**WHAT YOU SHOULD DO:** Copy only what lies from the line containing "Apartament cu 2" through the line containing "Snabbstål 6,35 mm" in the entries below, keeping both end lines exact and dropping every picture.
DATA FOR THIS EXERCISE Block Start
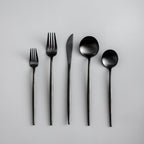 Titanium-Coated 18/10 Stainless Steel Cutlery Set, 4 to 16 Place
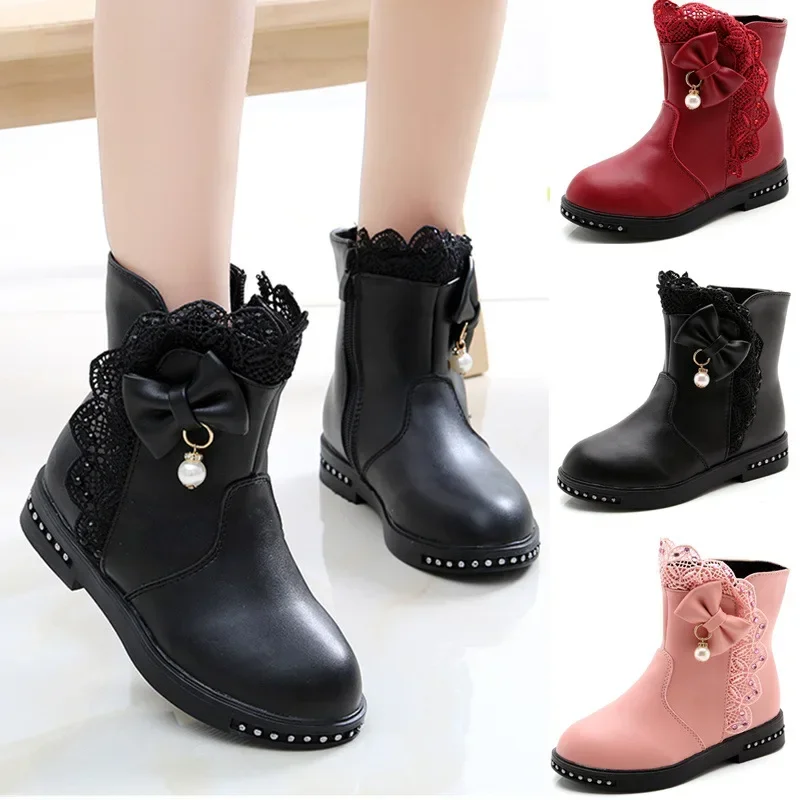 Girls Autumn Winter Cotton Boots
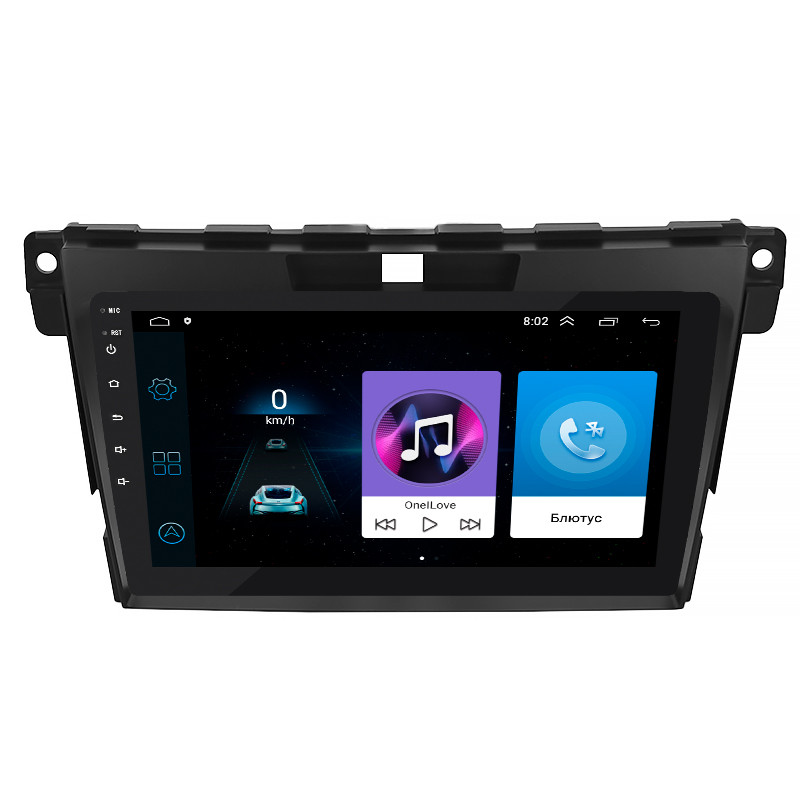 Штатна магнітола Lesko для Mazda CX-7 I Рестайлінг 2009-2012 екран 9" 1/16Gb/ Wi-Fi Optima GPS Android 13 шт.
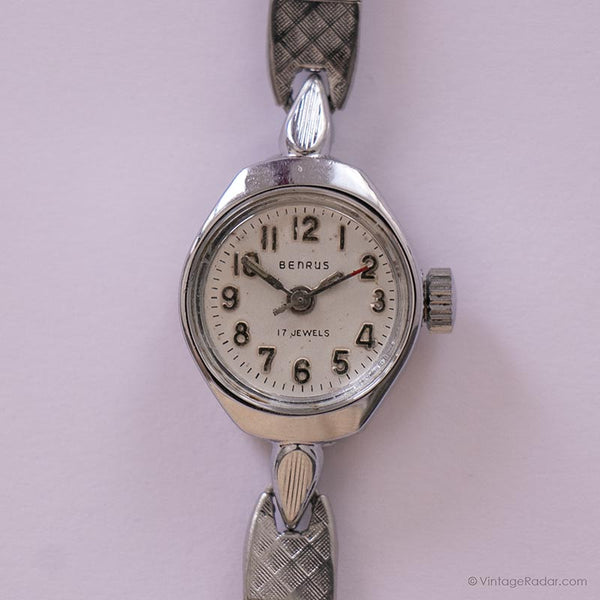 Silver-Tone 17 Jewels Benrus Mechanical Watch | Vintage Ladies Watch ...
DATA FOR THIS EXERCISE Block End
DATA FOR THIS EXERCISE Block Start
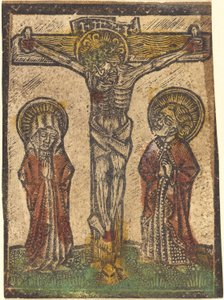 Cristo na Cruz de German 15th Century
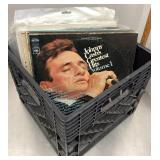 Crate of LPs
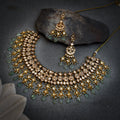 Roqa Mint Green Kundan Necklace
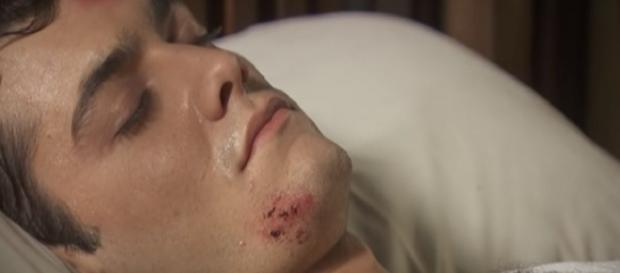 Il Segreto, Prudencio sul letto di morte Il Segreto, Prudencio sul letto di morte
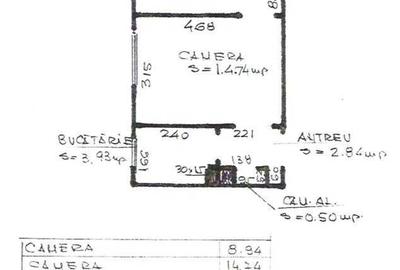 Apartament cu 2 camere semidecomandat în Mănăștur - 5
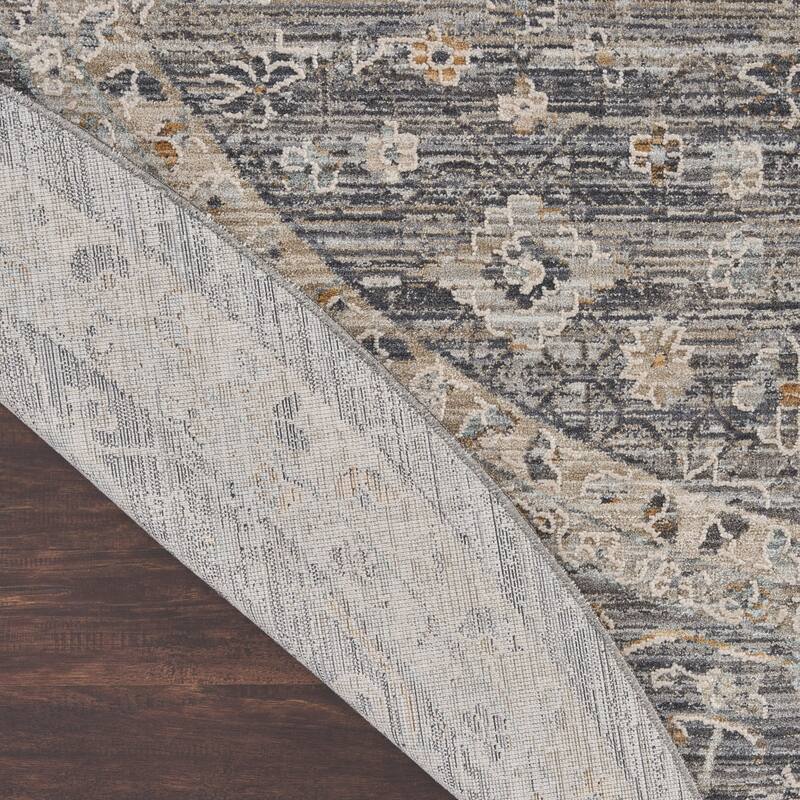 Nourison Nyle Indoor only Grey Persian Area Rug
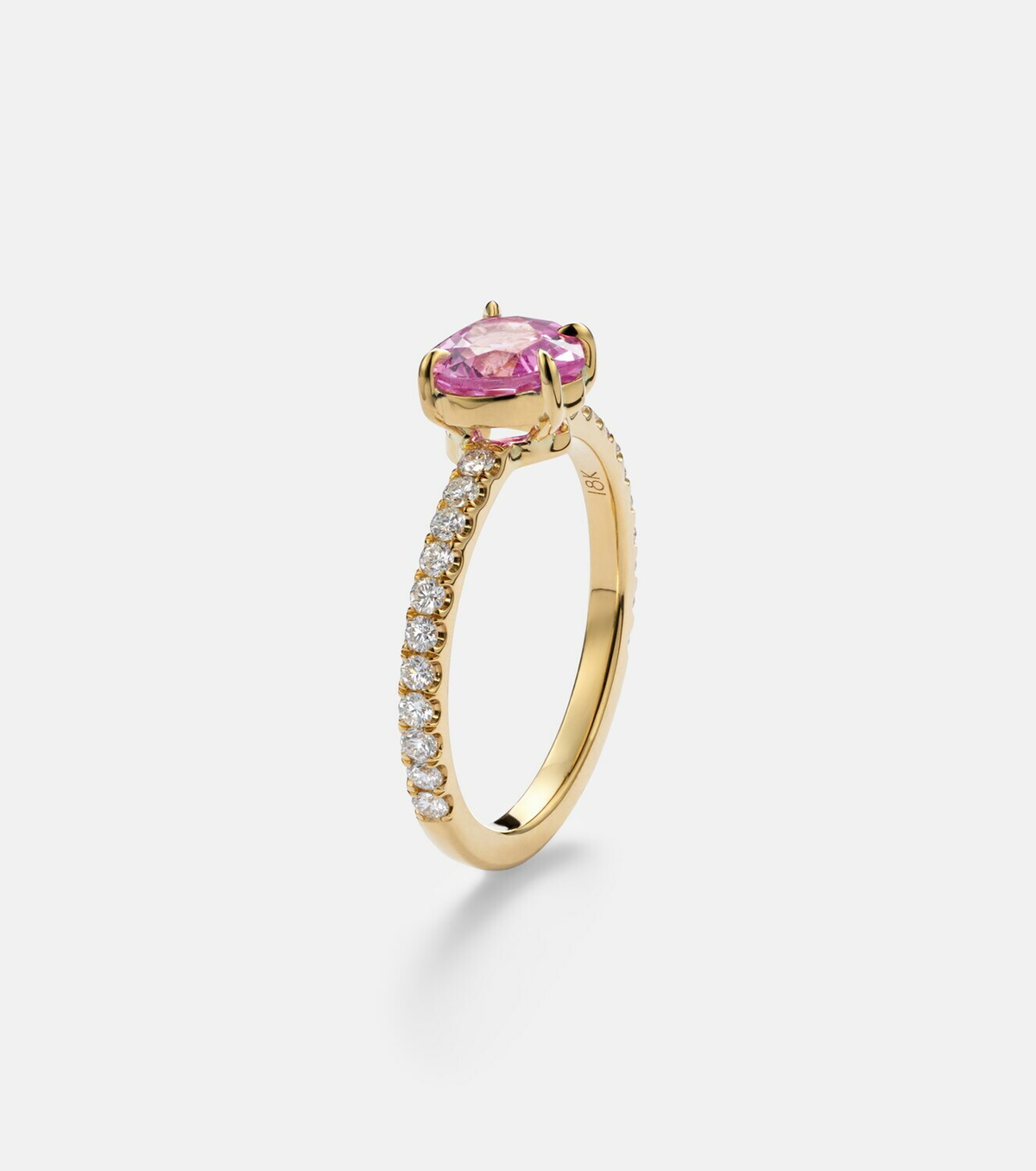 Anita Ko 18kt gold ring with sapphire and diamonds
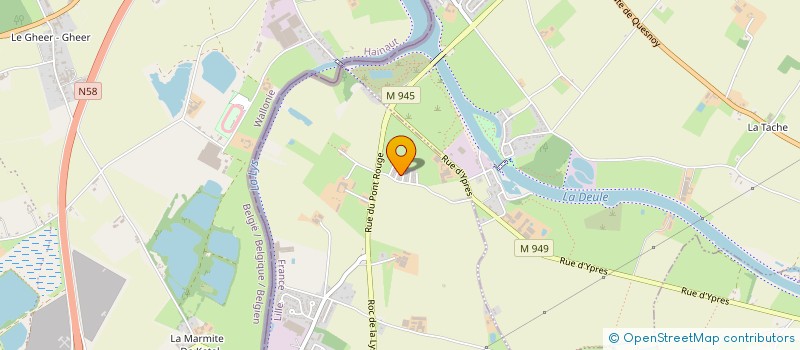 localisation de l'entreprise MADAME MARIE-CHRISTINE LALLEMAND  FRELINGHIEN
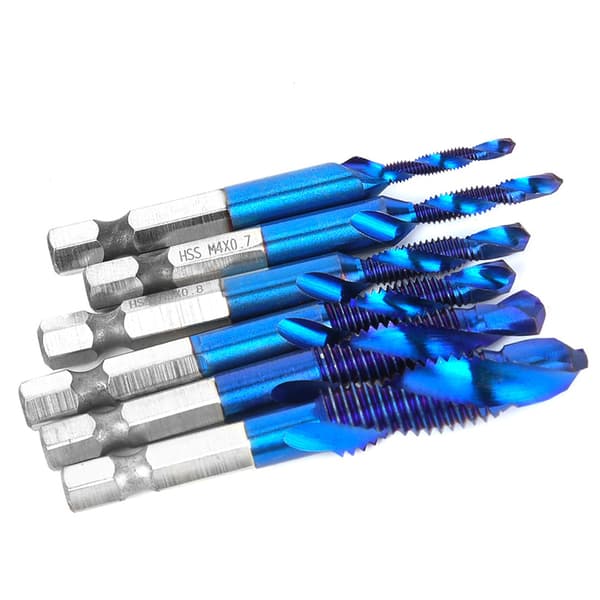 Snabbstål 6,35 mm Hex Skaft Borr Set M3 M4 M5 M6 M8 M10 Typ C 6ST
DATA FOR THIS EXERCISE Block End
**ANSWER TO THE PROBLEM:**
 Apartament cu 2 camere semidecomandat în Mănăștur - 5
 Nourison Nyle Indoor only Grey Persian Area Rug
 Anita Ko 18kt gold ring with sapphire and diamonds
 localisation de l'entreprise MADAME MARIE-CHRISTINE LALLEMAND  FRELINGHIEN
 Snabbstål 6,35 mm Hex Skaft Borr Set M3 M4 M5 M6 M8 M10 Typ C 6ST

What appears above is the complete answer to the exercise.